Yeah! I was a Gitchain backer. The difference is that Gitchain stored the actual git commits in the blockchain, and I leave the actual commits on the hard disks of each BitTorrent seeder.
Stored github in btsync for a startup before. It actually worked ok. We stopped doing it because btsync was trivial to crash with basic fuzzing and was closed source
This is an aside but I like the author's writing style. Not only is he clear but also describes why he's doing what he's doing and how it's important to him and others. Really helps me give the ideas more thought!
> Google Code announced its shutdown a few months ago, and their rationale was explicitly along the lines of “everyone’s using GitHub anyway, so we don’t need to exist anymore”.
I mean, sorta. It was also because running a service is expensive, and containing abuse is a constant thankless treadmill.
> We’re quickly heading towards a single central service for all of the world’s source code.
Far from it? Not that a fully-decentralized system seems bad, but there are many things that aren't github. I don't even have anything of interest on github.
I have to admit that I started reading this post feeling a little snarky about the concept. However, I think Chris makes an excellent case for the concept.
This is awesome, but it centralizes on JavaScript.
It is an implementation of a standard without the standard being defined so other implementations can spring up.
Git, one could argue, is language centralized also, which is technically true. That I don't have an answer for. But I don't believe handing off so much dependence to a JavaScript application fits for me.
A C/C++ application like Git I can overlook, at least for a decade or so, but JavaScript feels like a perpetual beta/prototype only. Granted, that's my subjective feeling.
The word "centralize" in the way you're using it is very misleading. Every piece of programming in existence uses some sort of language.
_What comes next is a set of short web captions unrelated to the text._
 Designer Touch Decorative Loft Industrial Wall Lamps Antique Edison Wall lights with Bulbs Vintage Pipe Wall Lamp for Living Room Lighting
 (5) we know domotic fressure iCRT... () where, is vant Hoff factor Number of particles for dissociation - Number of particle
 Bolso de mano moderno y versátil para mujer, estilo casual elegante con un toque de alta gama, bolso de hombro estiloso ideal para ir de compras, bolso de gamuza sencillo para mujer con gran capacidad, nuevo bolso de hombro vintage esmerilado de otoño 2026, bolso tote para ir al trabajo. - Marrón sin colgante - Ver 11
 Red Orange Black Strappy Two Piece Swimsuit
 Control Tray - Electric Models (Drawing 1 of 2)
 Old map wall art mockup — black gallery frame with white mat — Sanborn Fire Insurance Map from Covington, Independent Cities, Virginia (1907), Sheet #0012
What you're really stating, I think, is that this is written in Javascript and you don't like Javascript. That's totally fine, and it's your prerogative. I'm sure that, like any other piece of programming, GitTorrent can be rewritten in other languages. If Javascript bothers you that much, then do this: rewrite it in Ruby if that's what you prefer.
But please stop attacking the claim that this is "decentralised github" by claiming that this "centralises" on Javascript. It doesn't "centralise" on any language. It's just a first implementation written in Javascript.
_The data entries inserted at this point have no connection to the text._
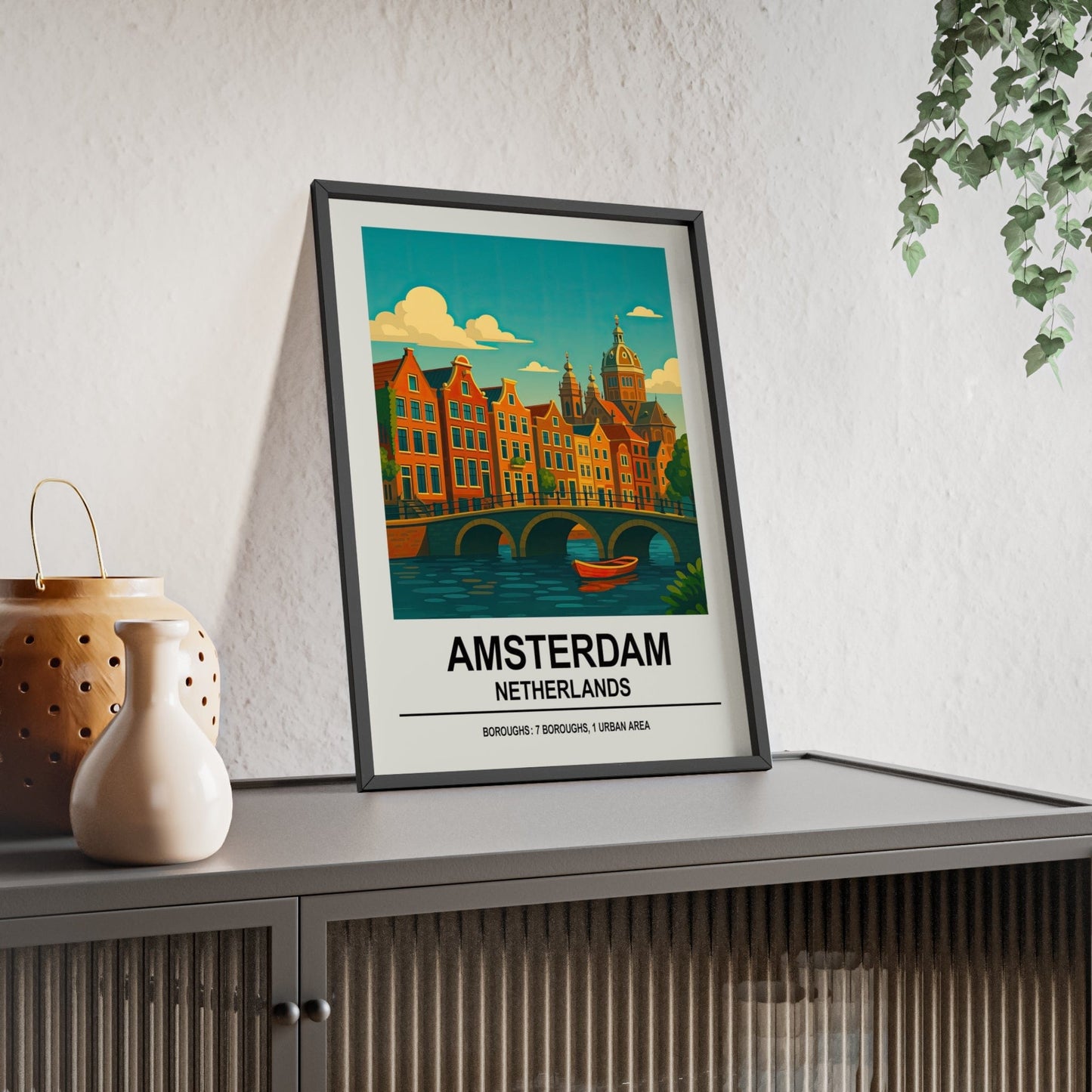 Amsterdam Poster | Vintage Travel Wall Art of Canals & Dutch Houses - Poster Kingz - A5 (unframed) -
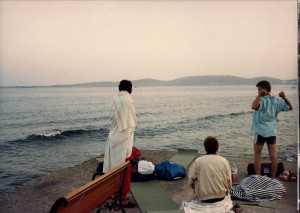 Sleeping on the beach somewhere in the Greek islands.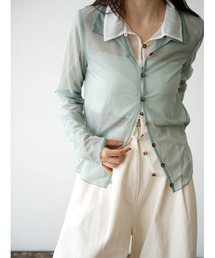 sheer mesh polo cardigan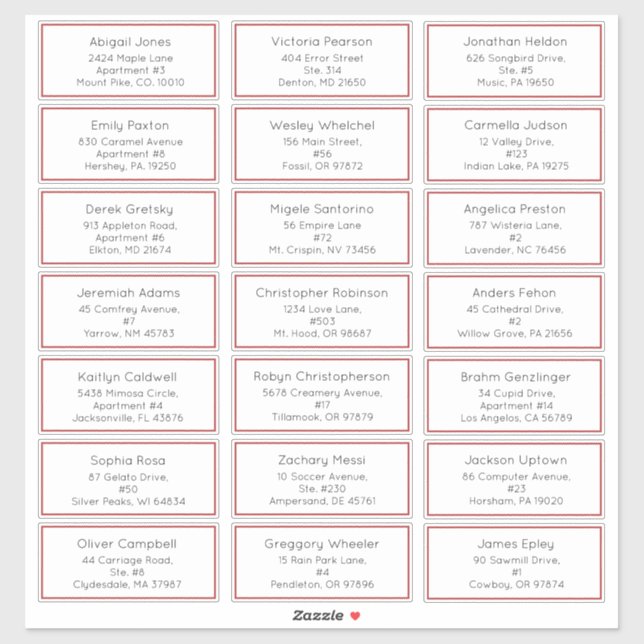 Sticker Simple Christmas Joy Holiday Adresse d'invité (Feuille)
That this implementation being uncomfortable for me is my subjective feeling, I've mentioned several times. That I don't want to depend on JavaScript is clear. I don't want to depend on JavaScript. Using the word centralize the way I have, I can't see otherwise. But I'm not defaming anyone. I'm not attacking anything. I'm very motivated to help the standard advance, but I would never for a moment install this implementation. Stupid of me? Sure, maybe. But it's not an attack.
What I wanted I already got, confirmation by the OP that this is in fact a reference implementation and not the all-end-all.
Were that clear to start with, I wouldn't have commented other than to say, awesome! This is extremely exciting to me.
I could see this integrating really nicely with mailing lists. The commit could be sent out to the mailing list, and anyone who is interested in reviewing the code or doing a merge would already have the information they need, no blockchain required.
If a version of this with friendly name support is released, I will mirror all my active GitHub repositories there.
If someone builds on this, as discussed elsewhere in the thread, to make a decentralized service that mimics 'social' functionality such as issues and pull requests, I will strongly consider using it instead of GitHub (depending on the UI, stability, etc.).
I don't even have any particularly popular repos, so there is no real reason for anyone to care about the above, but, y'know, HN comments approving of the idea don't necessarily translate into actual interest in the product, so now you know there's at least one person in the latter category. :)
I always thought Github was open source and that you could fork it, like in the spirit of Github. I find that slightly ironic =)
What's stopping a decentralized github from ending up in the same fate as the newsgroups, that the data set gets too large to handle !?
I think that Github is more then just a repository, it's a community. I kinda quit Facebook and signed up to Github instead :P And if it weren't for Github I would have never touched git.
Startup idea: Create something like Github and assembly.com, but with a complete tool-set (git+vps)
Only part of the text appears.